Selon le quotidien Libération, dans son édition de ce mardi, le contenu des échanges sur le compte Facebook de Ndiaga Seck a aussi fait basculer l’enquête. «Chaque fois que je suis allé à la Mecque c’est pour prier Dieu qu’il me sorte de ça», aurait-il dit aux enquêteurs, dans des propos rapportés par le journal.
Peu avant l’interpellation de Ndiaga Seck (comptable de 51 ans) à Linguère, les enquêteurs avaient extrait Ahmadou Lamine Dia de sa cellule. Dans sa déposition, ce dernier aurait déclaré avoir connu Ndiaga Seck entre 2013-2014 à travers Facebook, via le nommé Jeannot Rodriguez, avec qui il aurait eu ses premiers rapports sexuels. Ahmadou Lamine Dia raconte aussi avoir noué une relation amoureuse avec Ndiaga Seck qui a abouti à des relations charnelles à la Somone (Petite -Côte).

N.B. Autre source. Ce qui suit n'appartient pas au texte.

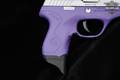 Beretta Pico 380 Inox Lavender Frame .380 ACP Two-Tone in Like-New Condition Image 4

Toujours selon Libération, il a aussi déclaré qu’au moment de leur rapport intime, il ne savait pas si le comptable était séropositif et ne se rappelle plus s’ils étaient protégés ou non. Ahmadou Lamine Dia a réitéré le fait que c’est durant ces moments que Ndiaga Seck lui a remis son numéro de téléphone portable qui a permis aux enquêteurs de remonter jusqu’à lui.
Dans sa déposition, Ndiaga Seck aurait reconnu les faits et invoqué être «prisonnier d’un vice».